Let autopilot eliminate car drawbacks

Cars bring enormous mobility, freedom and enjoyment to millions of people. Much of the employment, investment, and corporate interests also depend on current car traffic patterns—no matter how dangerous it may be. For these reasons, some transportation experts have expressed doubts about whether the autonomous car revolution will come.

Let autopilot eliminate car drawbacks

We often list the best inventions of all time. But what are the worst inventions?
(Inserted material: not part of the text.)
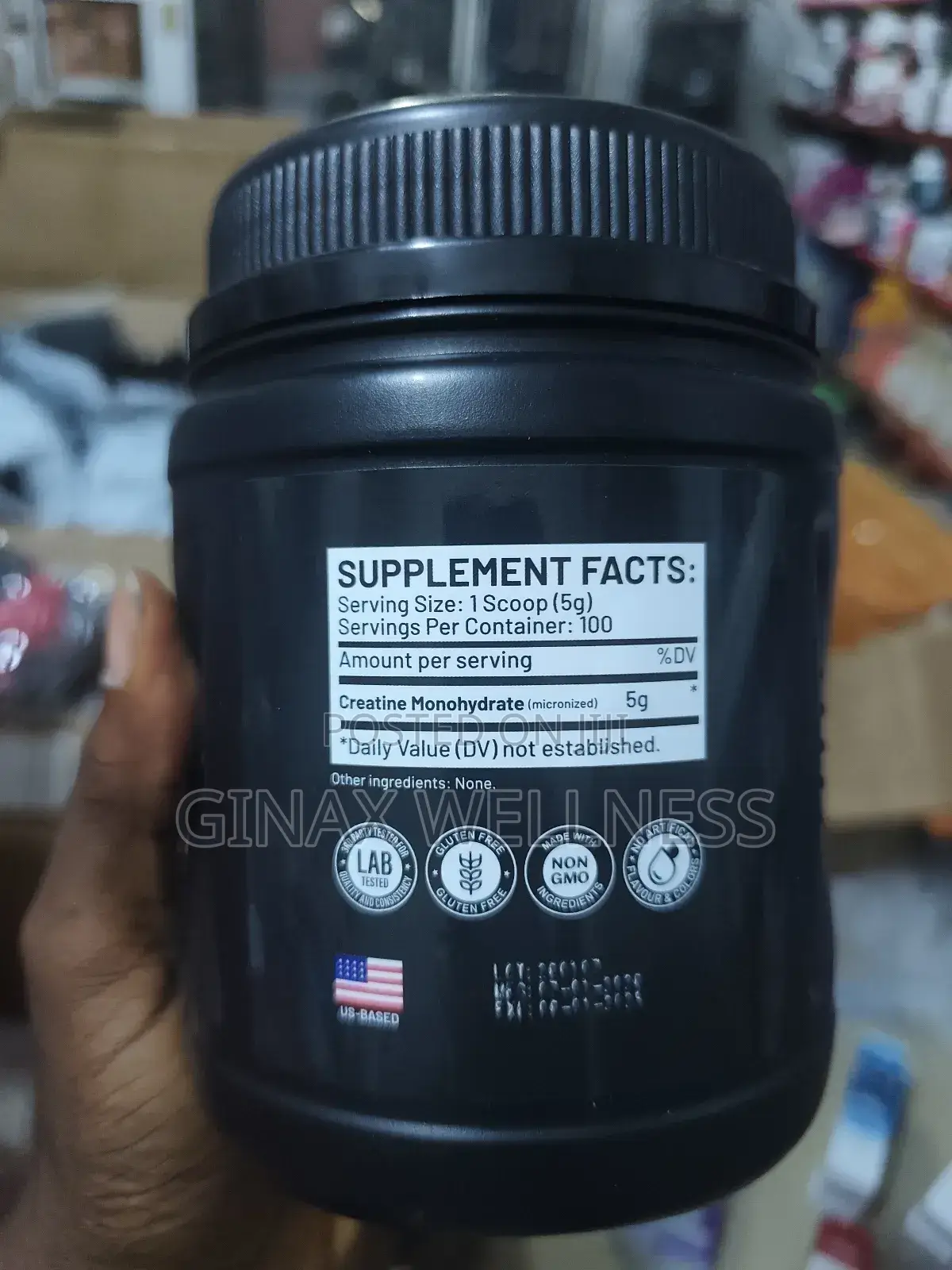 Norwegian Nutrition Creatine Monohydrate Powder for Energy (500grams)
A nuclear bomb will be one of them. The AK-47 Kalashnikov assault rifle can also be ranked in the forefront of the list. The World Bank estimates that there are currently about 75 million such guns in circulation, killing tens of thousands of people each year.
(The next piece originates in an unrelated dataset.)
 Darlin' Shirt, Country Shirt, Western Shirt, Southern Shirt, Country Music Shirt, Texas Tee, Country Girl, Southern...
But there is another invention that causes the total number of human deaths to be much more than the sum of the two weapons: the car.

According to the World Health Organization (WHO), about 1.25 million people die each year from road traffic accidents, accounting for 2.2% of all deaths worldwide. It is difficult to find accurate data on how many people have died in cars in the past 100 years. But 50 million seems to be a reasonable guess. In comparison, the total number of deaths caused by all wars in the 20th century was 123 million.

If this level of death is not bad enough, cars also greatly increase environmental pollution and adverse climate change. Another drawback is that the car's demand for fuel makes it easy for some of the world's worst regimes – Saudi Arabia, Russia and Venezuela – to generate huge revenues.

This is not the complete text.